YOUR OBJECTIVE: Copy out every line of the records in which "https" can be found.

EXCERPTED DATA:
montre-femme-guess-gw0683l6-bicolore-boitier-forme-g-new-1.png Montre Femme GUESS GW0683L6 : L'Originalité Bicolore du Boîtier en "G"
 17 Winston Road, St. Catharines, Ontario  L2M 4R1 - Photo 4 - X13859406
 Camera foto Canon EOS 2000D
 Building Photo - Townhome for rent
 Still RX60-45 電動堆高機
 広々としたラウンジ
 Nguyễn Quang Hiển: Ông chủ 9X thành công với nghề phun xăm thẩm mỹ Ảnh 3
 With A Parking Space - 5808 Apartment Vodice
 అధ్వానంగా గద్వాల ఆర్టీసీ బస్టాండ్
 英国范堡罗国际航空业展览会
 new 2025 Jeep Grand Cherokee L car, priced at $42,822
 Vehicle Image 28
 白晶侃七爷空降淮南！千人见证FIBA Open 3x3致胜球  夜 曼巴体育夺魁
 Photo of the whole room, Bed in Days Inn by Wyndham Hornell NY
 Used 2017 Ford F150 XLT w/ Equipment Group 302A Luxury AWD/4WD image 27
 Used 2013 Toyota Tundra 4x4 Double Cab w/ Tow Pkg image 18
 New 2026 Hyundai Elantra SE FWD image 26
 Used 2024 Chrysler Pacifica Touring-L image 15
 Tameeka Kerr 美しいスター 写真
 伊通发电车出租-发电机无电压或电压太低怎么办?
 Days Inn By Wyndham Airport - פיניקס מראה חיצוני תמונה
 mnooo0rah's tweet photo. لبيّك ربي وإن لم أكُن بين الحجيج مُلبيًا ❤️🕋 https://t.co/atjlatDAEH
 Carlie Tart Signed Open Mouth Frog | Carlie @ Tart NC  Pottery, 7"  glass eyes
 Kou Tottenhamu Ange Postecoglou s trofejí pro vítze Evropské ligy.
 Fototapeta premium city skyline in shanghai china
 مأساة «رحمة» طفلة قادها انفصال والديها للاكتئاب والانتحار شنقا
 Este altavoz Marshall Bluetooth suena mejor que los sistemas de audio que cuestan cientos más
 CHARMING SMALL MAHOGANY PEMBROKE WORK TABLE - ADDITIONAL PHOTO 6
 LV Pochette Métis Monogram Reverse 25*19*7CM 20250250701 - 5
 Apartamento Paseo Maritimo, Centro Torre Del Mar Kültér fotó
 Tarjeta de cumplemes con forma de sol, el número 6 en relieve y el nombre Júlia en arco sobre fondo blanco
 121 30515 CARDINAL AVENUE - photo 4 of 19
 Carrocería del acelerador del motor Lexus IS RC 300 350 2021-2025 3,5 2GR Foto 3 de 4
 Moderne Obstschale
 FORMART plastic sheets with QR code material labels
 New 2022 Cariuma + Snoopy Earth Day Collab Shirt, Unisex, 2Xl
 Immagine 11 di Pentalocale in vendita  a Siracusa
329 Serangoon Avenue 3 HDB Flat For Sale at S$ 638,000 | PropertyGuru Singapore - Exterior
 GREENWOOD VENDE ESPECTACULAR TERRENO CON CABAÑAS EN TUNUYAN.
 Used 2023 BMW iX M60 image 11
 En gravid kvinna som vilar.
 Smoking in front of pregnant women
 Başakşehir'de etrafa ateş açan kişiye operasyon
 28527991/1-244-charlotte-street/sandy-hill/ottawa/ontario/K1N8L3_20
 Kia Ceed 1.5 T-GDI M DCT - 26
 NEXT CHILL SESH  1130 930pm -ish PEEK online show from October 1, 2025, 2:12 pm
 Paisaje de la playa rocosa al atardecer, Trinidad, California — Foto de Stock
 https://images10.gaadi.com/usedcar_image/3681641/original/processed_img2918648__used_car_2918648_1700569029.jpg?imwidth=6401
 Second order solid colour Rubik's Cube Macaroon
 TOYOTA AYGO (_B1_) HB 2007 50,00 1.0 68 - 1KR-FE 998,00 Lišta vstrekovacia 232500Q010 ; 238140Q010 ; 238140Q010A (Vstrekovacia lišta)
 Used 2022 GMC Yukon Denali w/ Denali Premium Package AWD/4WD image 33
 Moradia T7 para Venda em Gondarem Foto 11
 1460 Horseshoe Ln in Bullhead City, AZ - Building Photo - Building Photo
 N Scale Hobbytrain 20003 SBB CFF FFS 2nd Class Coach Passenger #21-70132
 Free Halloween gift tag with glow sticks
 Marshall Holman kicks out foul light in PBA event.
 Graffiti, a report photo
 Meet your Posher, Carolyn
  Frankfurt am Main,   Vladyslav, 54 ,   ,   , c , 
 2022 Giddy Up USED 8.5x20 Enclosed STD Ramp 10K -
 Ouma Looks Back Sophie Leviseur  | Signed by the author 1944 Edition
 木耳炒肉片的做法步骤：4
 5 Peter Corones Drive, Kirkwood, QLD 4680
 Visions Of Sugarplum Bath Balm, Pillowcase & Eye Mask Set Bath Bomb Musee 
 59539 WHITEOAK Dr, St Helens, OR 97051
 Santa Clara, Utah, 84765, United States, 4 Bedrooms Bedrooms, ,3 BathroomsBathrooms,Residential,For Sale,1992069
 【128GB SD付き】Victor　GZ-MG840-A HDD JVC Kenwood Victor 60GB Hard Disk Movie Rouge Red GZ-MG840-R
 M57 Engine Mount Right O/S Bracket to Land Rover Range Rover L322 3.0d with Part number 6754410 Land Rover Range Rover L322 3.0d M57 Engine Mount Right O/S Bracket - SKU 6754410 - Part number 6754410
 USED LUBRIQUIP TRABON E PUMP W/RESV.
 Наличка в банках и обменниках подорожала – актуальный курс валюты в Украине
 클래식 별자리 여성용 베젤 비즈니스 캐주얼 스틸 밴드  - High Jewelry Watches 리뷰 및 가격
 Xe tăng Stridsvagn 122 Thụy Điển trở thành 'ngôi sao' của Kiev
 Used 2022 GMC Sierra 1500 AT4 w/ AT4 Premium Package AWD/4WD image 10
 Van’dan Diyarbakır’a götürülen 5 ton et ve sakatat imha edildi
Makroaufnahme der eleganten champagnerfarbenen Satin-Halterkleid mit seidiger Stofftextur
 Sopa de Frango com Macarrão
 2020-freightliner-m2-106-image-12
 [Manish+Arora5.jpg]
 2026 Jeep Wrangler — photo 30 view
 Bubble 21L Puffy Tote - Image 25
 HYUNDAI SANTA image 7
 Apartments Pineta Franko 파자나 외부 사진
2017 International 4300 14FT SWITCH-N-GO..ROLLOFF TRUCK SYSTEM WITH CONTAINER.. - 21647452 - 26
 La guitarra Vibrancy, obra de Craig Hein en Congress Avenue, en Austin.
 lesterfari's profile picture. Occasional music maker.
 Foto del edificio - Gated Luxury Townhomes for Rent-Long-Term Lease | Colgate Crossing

THE ANSWER:
 mnooo0rah's tweet photo. لبيّك ربي وإن لم أكُن بين الحجيج مُلبيًا ❤️🕋 https://t.co/atjlatDAEH
 https://images10.gaadi.com/usedcar_image/3681641/original/processed_img2918648__used_car_2918648_1700569029.jpg?imwidth=6401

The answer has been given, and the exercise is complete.